**WHAT IS NEEDED**. Once you find the line with "Saint Laurent Tassel" in the data below, transcribe exactly each line from there to the line with "Ботильоны женские 5,5", inclusive, and nothing else. Drop the pictures.

**SUPPLIED MATERIAL**.
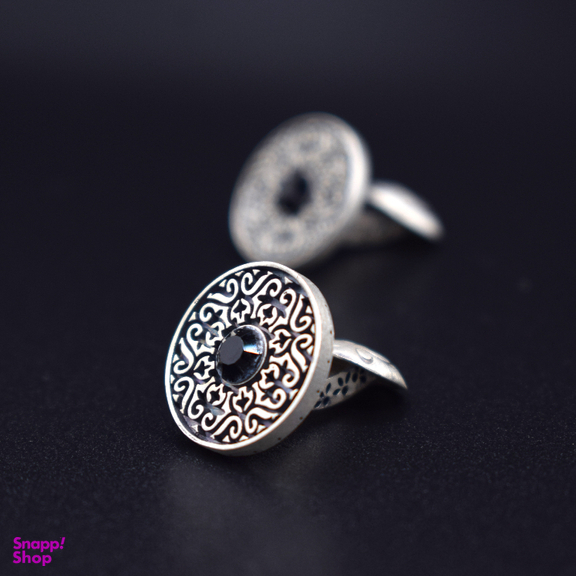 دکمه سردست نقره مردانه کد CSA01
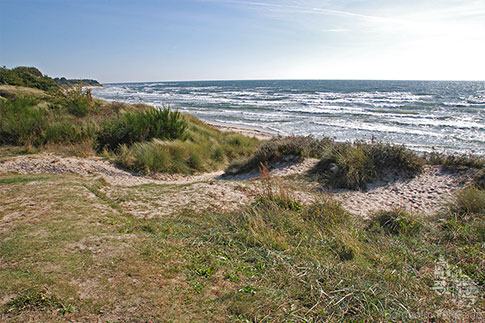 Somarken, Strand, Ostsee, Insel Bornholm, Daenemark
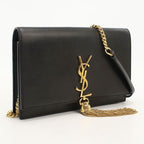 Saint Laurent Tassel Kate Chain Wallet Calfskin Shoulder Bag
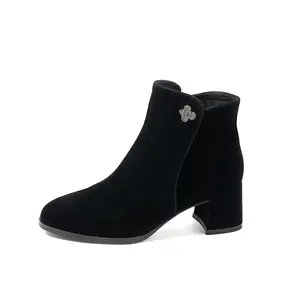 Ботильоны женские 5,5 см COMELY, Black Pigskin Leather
==
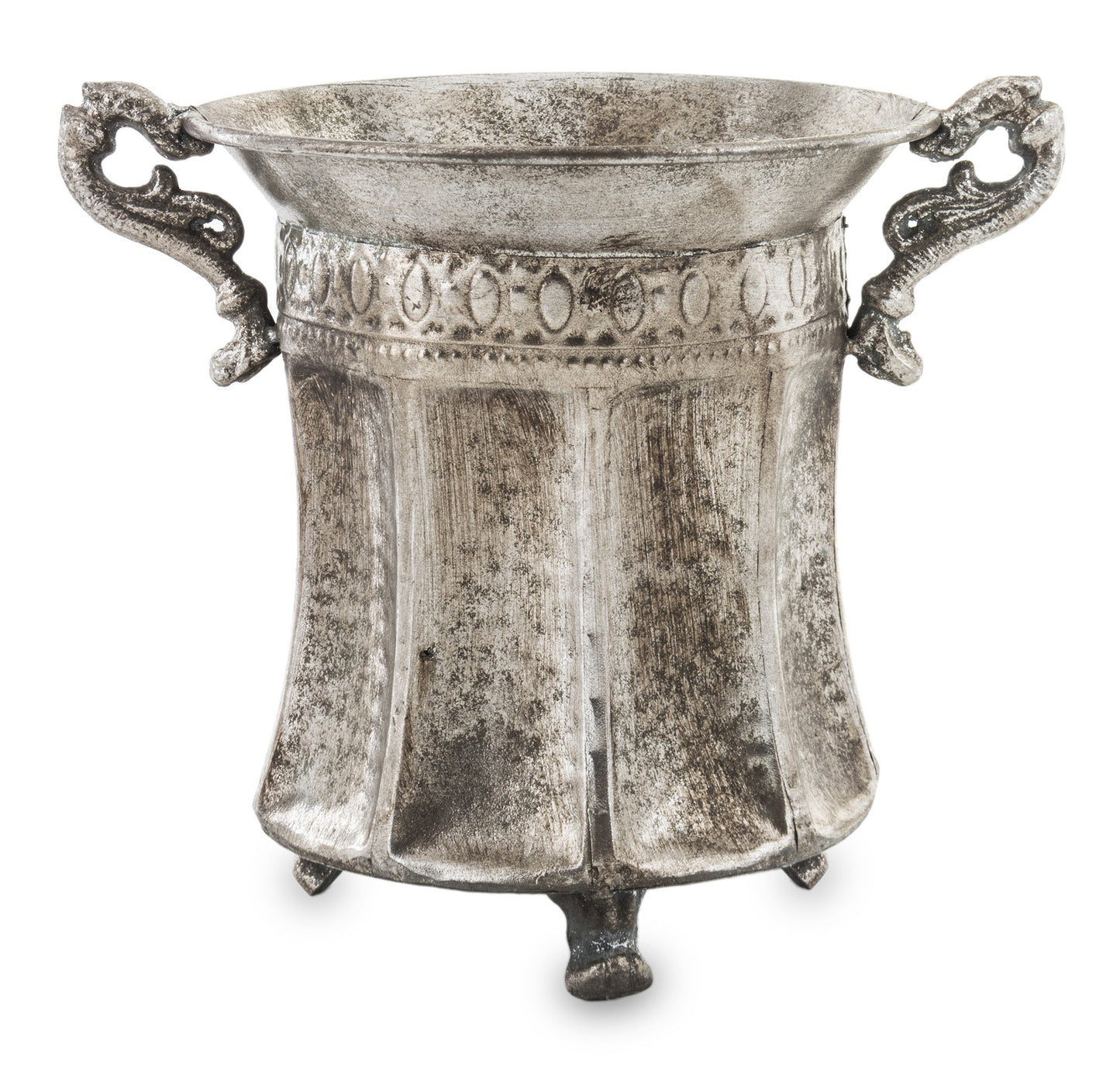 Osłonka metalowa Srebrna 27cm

**RESULT OF THIS EXERCISE**.
 Saint Laurent Tassel Kate Chain Wallet Calfskin Shoulder Bag
 Ботильоны женские 5,5 см COMELY, Black Pigskin Leather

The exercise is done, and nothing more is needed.